The book just as easily could have been called My Life Sucks. Fuck You Mom and Dad. Divorce is Depressing. Why I Hate Normal Families. I Don't Want 2 Homes. Shall I go on?
When I got separated three and a half years ago, one of the most important things to me was the language we shared with our kids and people in our world. I spoke to experts and here is what we came up with and even sent in an email around so others would also have positive, non-negative language.
"We have decided after very careful consideration to get divorced. We have realized that we care about each other greatly and actually really like each other -- but as friends and as parenting partners. We wanted to send you this email because over the next few weeks -- you and your kids will notice the change and see the differences. Our kids will have two homes and will split their time between each of us.
We have spoken to experts and as you and your kids discuss divorce, as it pertains to our family, we wanted you to each understand the best language to educate your children -- especially if they are all talking about it.
We have told our kids that we have decided we are no longer going to live together. We love being parents and will continue being good friends. We are still going to work as a team and as partners to parent our kids and sometimes people work better as parenting partners than as husband and wife."
No, divorce isn't like Disney. It's not a magical place kids would choose; but the language we share with them makes a difference in how they handle their roller coaster ride.
My son's school has told me that the book, Divorce Is The Worst has a humorous tone and also explores other myths associated with divorce. While I'm sure there were messages that were helpful, I can't get past the title.
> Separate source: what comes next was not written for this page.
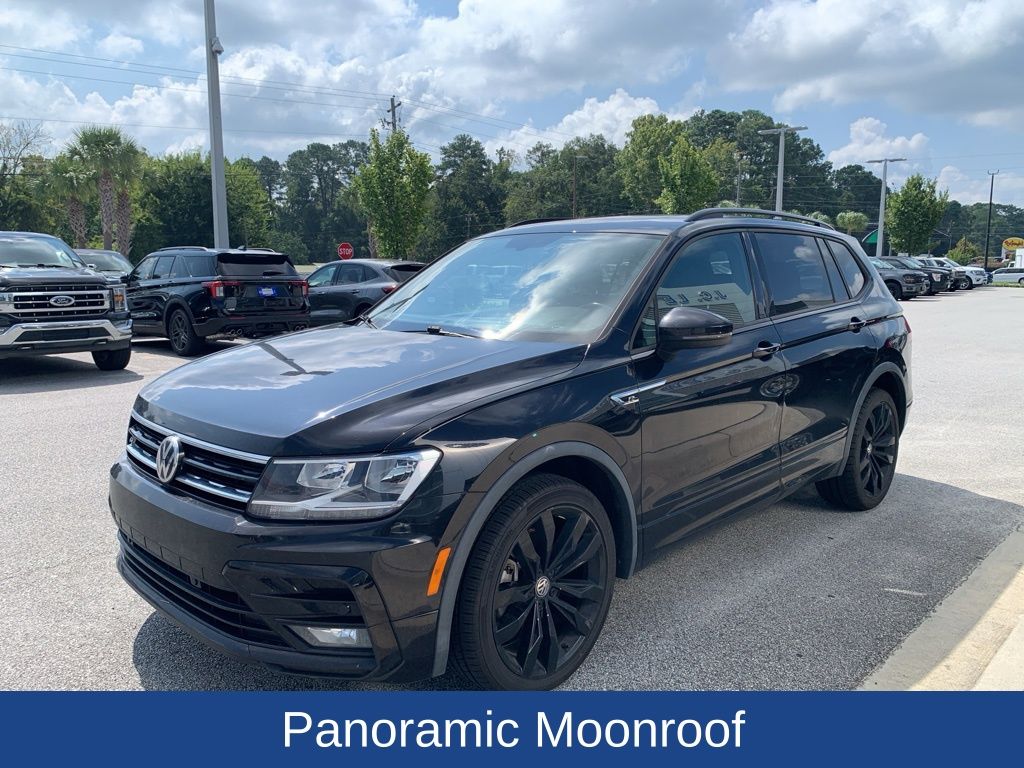 2021 Volkswagen Tiguan SE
To my 10-year-old son, who has enough other challenges surrounding our divorce, the last thing I want for him is a book telling him that his Situation is "the worst."
The kids in the group also discussed some of the "myths" from the book about divorce. One of them being whether they felt it was their fault that their parents got divorced. My children have never asked this question. It has never crossed their mind. My own parents divorced when I was 16, and that also never crossed my mind. But bringing it up to children and putting that idea in their head, again sends such the wrong message.
The messages to children should be positive. Whether the divorce is amicable or not, children absorb what they see, what they are told. They will have their own questions, ideas and formulate their own opinions from within their experience. There is no need for anyone to feed children negativity. A book that is supposed to help them should not start off telling them their life is the worst.
There's no book titled Enjoy Your Vacation, Your Plane May Crash. If You Don't Look Both Ways Before Crossing The Street, You Will Be Hit By A Car. I Hope Your Parents Stay Healthy.
How about, Happily Divorced and Having 2 Happy Homes. Yay, I Have 2 Happy Parents. Why My Parents Chose To Be Just Friends. My Parents Live Apart and How I feel About It. Everyone's Family Is Different. Different Families, Same Family. How Divorce Can Be Like Disney.